*WHAT TO DO*
Nothing below is to be printed except the lines between the line holding "SM-6987-PS Coral Pantalon de Mujer" and the line holding "รถอีซูซุ 6 ล้อดั้ม", inclusive, each exactly as it appears.

*DATASET CONTENT*
*** Block opens ***
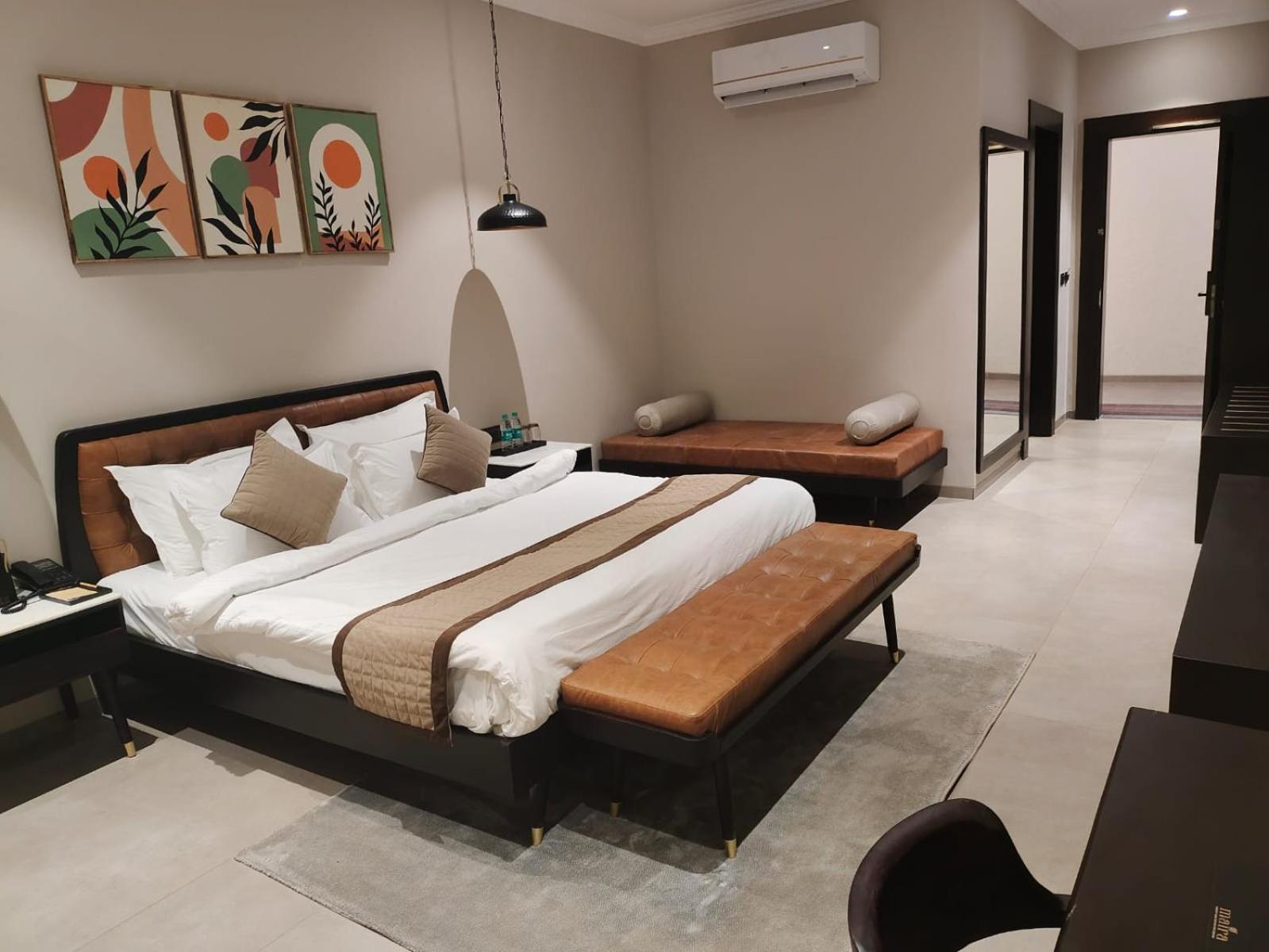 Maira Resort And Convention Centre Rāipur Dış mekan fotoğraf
*** Block closes ***
*** Block opens ***
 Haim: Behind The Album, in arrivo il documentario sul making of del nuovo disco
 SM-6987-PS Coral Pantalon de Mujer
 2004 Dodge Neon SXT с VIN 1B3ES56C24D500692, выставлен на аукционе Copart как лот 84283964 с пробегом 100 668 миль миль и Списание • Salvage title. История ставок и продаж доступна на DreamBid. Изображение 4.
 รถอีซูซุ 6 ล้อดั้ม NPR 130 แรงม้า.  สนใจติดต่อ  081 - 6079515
*** Block closes ***
*WRITTEN REPLY*
 SM-6987-PS Coral Pantalon de Mujer
 2004 Dodge Neon SXT с VIN 1B3ES56C24D500692, выставлен на аукционе Copart как лот 84283964 с пробегом 100 668 миль миль и Списание • Salvage title. История ставок и продаж доступна на DreamBid. Изображение 4.
 รถอีซูซุ 6 ล้อดั้ม NPR 130 แรงม้า.  สนใจติดต่อ  081 - 6079515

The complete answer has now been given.